Gus did not sound at all like a man recently revived from drowning as he said with sharp disquiet: ‘Right, that disposes of how I got out, and I’m duly grateful, believe me. But now will somebody please explain to me how the hell I ever got in?

They were all staring at him in speculative silence when the sound of a car’s engine circled the house, coming to rest in the arc of gravel before the door. After it died, the silence was absolute for a few moments. Then incongruous suburban chimes jangled from the front porch.

‘That must be the police inspector,’ said Paviour. ‘Will you let him in, dear?’

His wife turned without a word, and went to open the door; and presently ushered in Detective Chief Inspector George Felse, mild, grey-haired and ordinary, a tired middle-aged man who would have been inconspicuous and among his peers almost anywhere he cared to materialise.

‘I got a message,’ he said, ‘that you wanted me here.’

He looked round them all as though none of them afforded him any surprise, though two of them did not belong here, and to his certain knowledge had been elsewhere only a short time ago. So short a time, Charlotte realised with a shock, that he could not possibly have returned home in the meantime, since he was a close neighbour of the Bodens, who lived ten miles from Aurae Phiala. The relayed message must have found him somewhere not far from this house. Somewhere by the river, she thought, downstream. Whatever went into the flooded Comer here would fetch up at one of several spots, no doubt well known to the police, where curves and currents tended to land what they had carried down. The chief inspector had just come, case or no case, from setting a close watch on those spots, in expectation—in foreboding, rather—that the flood would bring some unusual freight aground very shortly.

Only then did she fully realise that if she had been five minutes later the watchers keeping a lookout for a stray boy might, tomorrow, have been hauling ashore the sodden body of Gus Hambro.

Washed, warmed, with a shaven patch and an adhesive dressing behind his right ear and a second large brandy nursed gratefully in his hands, Gus told his story; though not, perhaps, quite ingenuously.
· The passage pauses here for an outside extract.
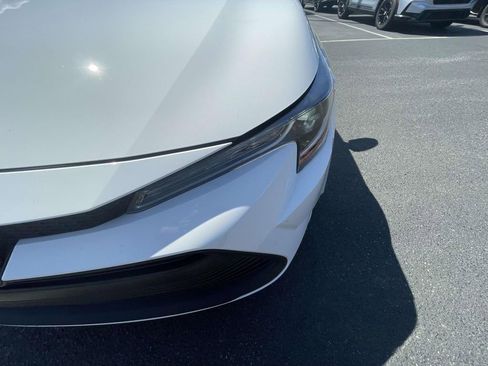 Used 2025 Toyota Corolla LE image 14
‘All I did was come out for a walk before going to bed, and I was about by that place where the bank’s caved in, when somebody jumped me from behind. I never heard a thing until maybe the last two steps he took, I never had time to turn. Something hit me on the back of the head, here, and I went out like a light. I remember dropping. I never felt the ground hit me. But I do know where I was when I fell—in the belt of grass under the bank, and facing straight ahead the way I was walking. And when I came round I was in the same place. I took it for granted I’d just been lying there since I went out, and whoever had jumped me had made off and left me there. When I could make it, I got up and made for the nearest shelter. There was a lighted doorway here, I steered for that. And just outside the garden I ran into this rescue party coming out to find me. Now they tell me,’ he said flatly, ‘that I was in the river, drowning, and Charlotte here pulled me out and brought me round.’ He had used her Christian name without even realising it, so intent was he on pinning down the details of his own remembrance.

‘When I found him,’ said Charlotte, ‘he was lying right across the path.’

Across the path?’

Across the path,’ she said firmly, ‘with his feet just touching the grass on the landward side, and his head and shoulders in the river. His face was completely under water.’